I have contacted my union about this but just wondering if anyone else has any advice.
I work 0.8 and occasionally I need to switch my day off. About half the time this is at my employer's request (e.g. internal meeting) and the other half it's mine/external (large external meeting that nobody's going to rearrange for me, seeing a client for whom it's the only day etc.).
This is probably 4-5 times per year. It's almost always maybe 2 to 6 weeks in advance so I arrange childcare, or DH takes the day off, or worst case I confirm or refuse at the last minute. For example I just confirmed I can go to a morning meeting next week on my regular day off but can't attend the afternoon due to DD's nursery only having space for her in the morning. Everyone fine with that.
I'm in a professional role with no real fixed hours but I'm not the only person across the organisation who has such a part time pattern. There are 2 in my group with the same line manager and the other one's DP doesn't work.

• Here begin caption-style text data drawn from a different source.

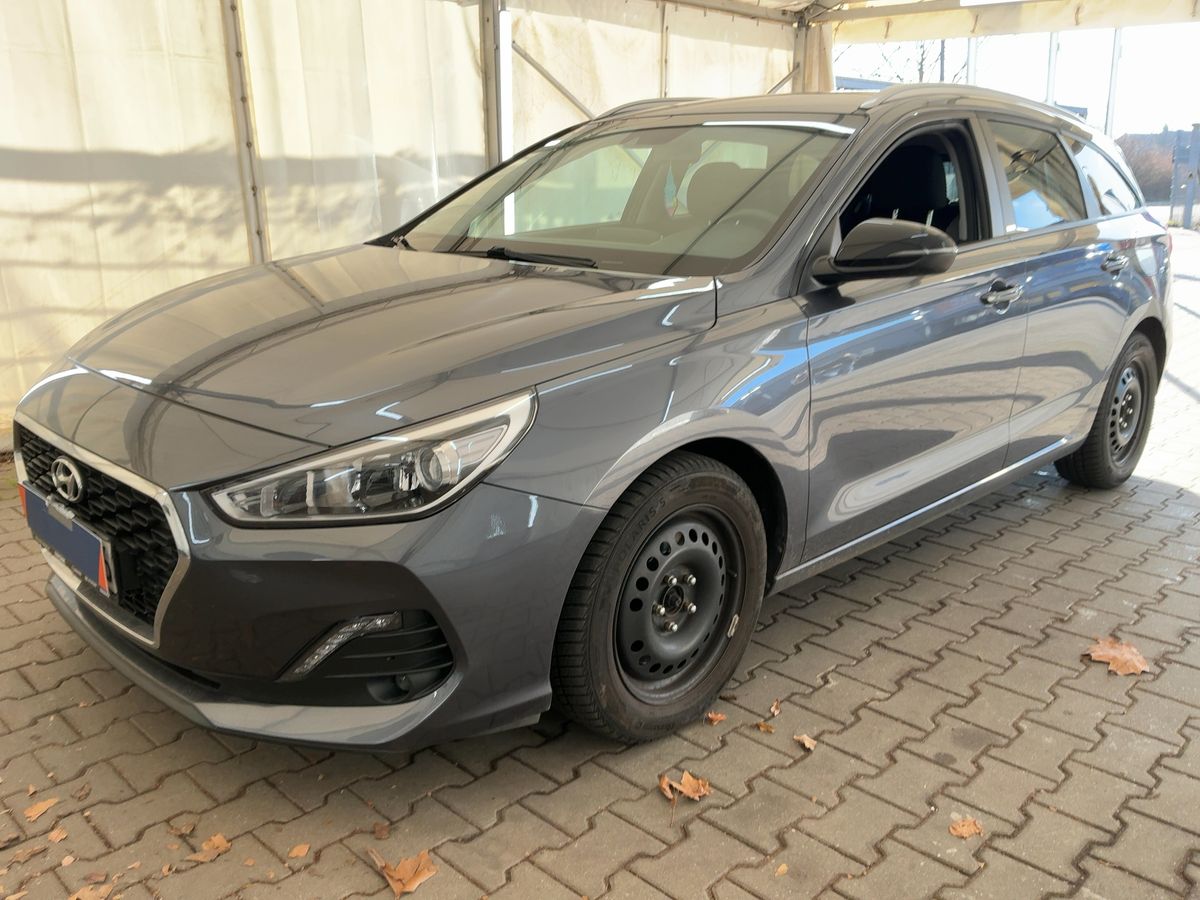Hyundai i30 d'occasion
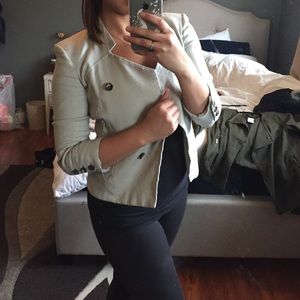 Helmut Lang blazer jacket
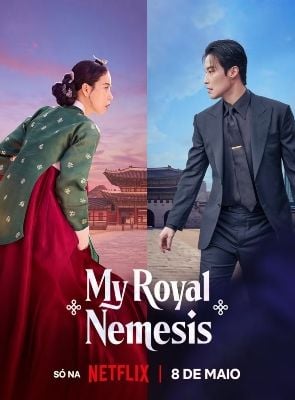 Pôster de My Royal Nemesis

My DH does work so I can't guarantee that a switched day is covered by childcare. I have in the past had to refuse e.g. to deliver an internal training (which could be on any day but they chose my day off) because the date booked was so many months ahead I couldn't guarantee that I'd get childcare nor could my DH guarantee to take the day off. This has been a cause of friction even though I made this plain both at the start of my flexible working and more recently.
Long story short... if you are in a professional job with no fixed hours, but you work part time... how does your HR deal with you changing your part time pattern temporarily? They have made up some guff about how this can't be accommodated unless I request to change my contract for a week and change it back?
If I could find some examples of how this works elsewhere it might be possible to point out to my HR that they don't know what they are talking about.
I am also pretty sure they are irritated because I can't be as flexible as some in their direction (I also am not flexible in my own direction if that makes sense e.g. I've had to skip really interesting meetings due to no childcare where I'd loved to have gone but they don't see that!). I think ideally they want me to just work my day off with no time off to compensate, whenever they need me to, but probably would prefer me not to if it's e.g. something that improves my own CPD but isn't going to feed in to my work in the next month or two!
(Across my own organisation, I get the impression that most line managers do this informally but mine won't).